Although in the preferred embodiment shown in the drawings, a pair of pins 31 and 32 are used, it is envisioned that in other applications a single pin or any number of multiple pins could be used.

Pins 31 and 32 are assembled in pin bores 33 and 34 respectively and are spring biased towards the release position, as shown in Figs. 4 and 5b, by cup shaped spring washers 35 and 36. An actuating shaft 37 is mounted in the axial bore 30 for sliding motion therein. Actuating shaft 37 is constructed with an enlarged cam surface 38 at its lower end 39 for engagement with the inner heads of locking pins 31 and 32. Cam surface 38 is shaped to conform generally with the shape of the inner heads of the pins to provide a mating engagement.

As actuating shaft 37 moves upward in bore 30, it will engage locking pins 31 and 32 and force each of the pins against the bias force of spring washers 35 and 36 to extend out of the pin bores and engage the shoulder 11. Upward movement of the shaft 37 is limited so that in a first position it remains engaged with the pins and the crank is locked in the drive socket 7. Downward movement of the shaft 37 is also limited so that in a second position, the pins are allowed to retract under the bias force of the spring washers, thereby releasing the crank from the winch.

As best shown in Fig. 6, in order to conveniently actuate the lock/release mechanism of the drive head 20, crank 40 is provided with a grip lever 23, to cause movement of actuating shaft 37 up and down in bore 30. Lever 23 is mounted for pivot motion on crank arm 22 by a pinned joint to provide a fulcrum 49 at the distal end of crank arm 22. A handle 24 is mounted at the distal end of crank arm 22 in a well known manner.

Actuating shaft 37 may be pinned to the drive end of grip lever 23 by a pin 48, as shown in Fig. 7, to allow a slight pivot motion between shaft 37 and lever 23. In another embodiment, actuating shaft 37 is constructed with a head 55 that engages a key hole shaped slot 56 constructed in grip lever 23, as shown in Figs. 6a and 6b.

Lever 23 is biased upward by a coil spring 25 captured in aligned bores 43 on lever 23 and 42 on crank arm 22, as shown in Fig. 6. Other biasing arrangements may be used without deviating from the scope of this invention. It is observed that by biasing grip lever 23 so that it pivots away from crank arm 22, the lock/release mechanism 21 is maintained in the locked position.

By gripping lever 23 and closing the distance 1 between lever 23 and crank arm 22, actuating shaft 37 will move downward in bore 30 and release the pins 31 and 32 into a retracted position. The drive head 20 of crank 40 may, accordingly, be engaged in drive socket 7. With the release of the grip lever 23, it travels upward, pulling actuation shaft 37 with it and forcing pins 31 and 32 into engagement with shoulder 11.

As shown in Fig. 8, the insertion end 51 of a typical drive head 50 for a crank is cut in a transverse plane to the axis z of the drive head 51. This presents a flat surface 52 having an octagonal profile.
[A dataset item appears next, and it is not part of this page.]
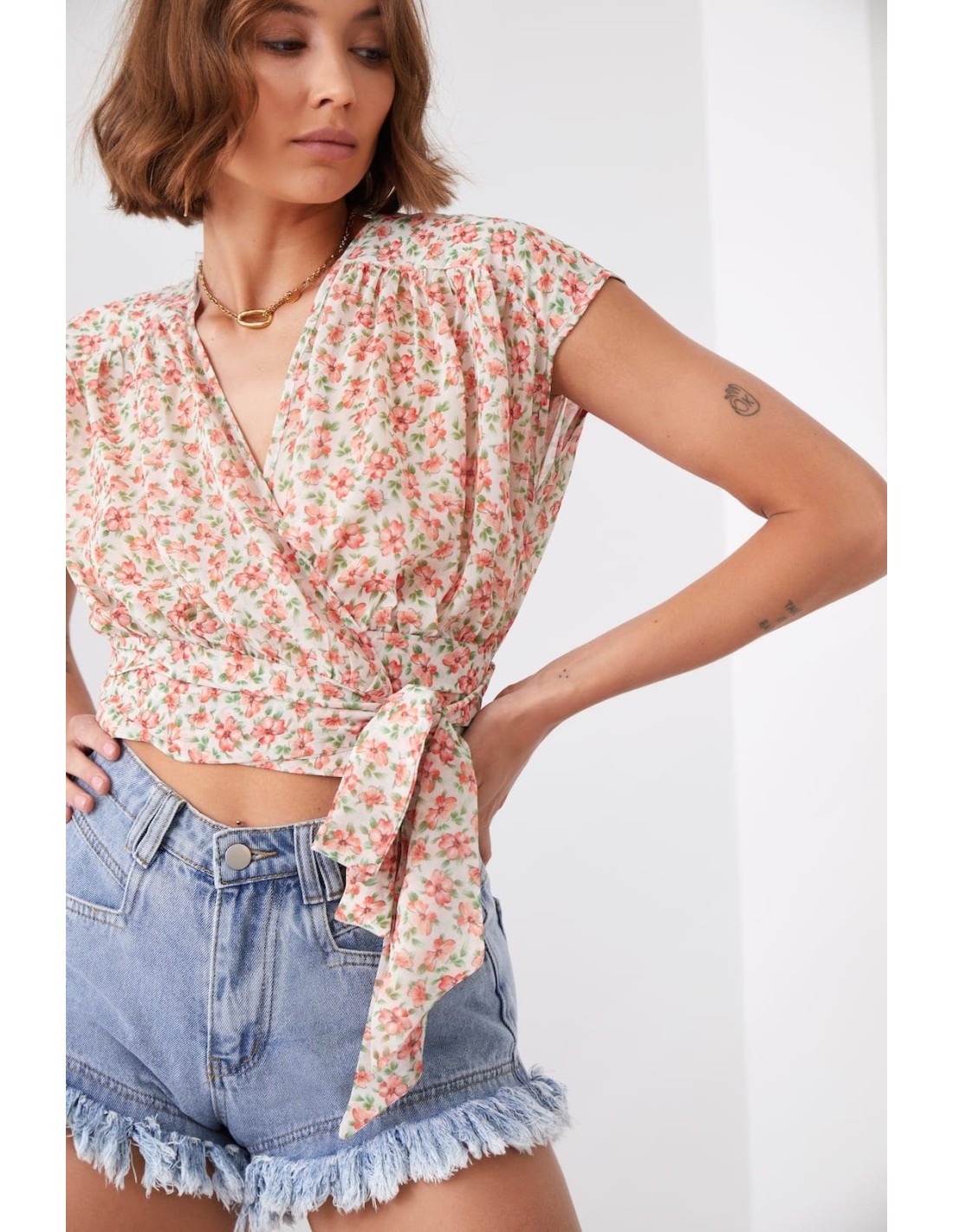 Bluza din sifon cu cravate in imprimeu floral, bej deschis 20450 - Magazin online - Boutique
To facilitate alignment of the drive head and socket, the profile of the drive head 50', at its insertion end, is altered, as shown in Fig. 9. The bi-square (or octagonal) shape of the drive head 50' at its insertion end 51' is defined by 8 triangular shaped projections 53' extending the length of the drive head, parallel with the longitudinal axis z' of the drive head 50'. In this embodiment, of the invention, the sides of each of the triangular projections 53' are bevelled at an angle upward from the plane of the surface 52' of insertion end 51'. Each of the bevelled sides of a projection will intersect in a line which is also bevelled upward in a plane through the point of the projections 53'. This results in the engaging surface of the drive head presenting a compound bevelled surface 54' on each of the triangular projections, thereby facilitating insertion of the drive head in the socket.

In this manner a crank for a winch is constructed that can be conveniently and reliably engaged utilizing one hand. In addition the locking mechanism is more protected from weather and damage.

It should be understood that the above description is only illustrative of the invention which is only limited by what is defined in the appended claims.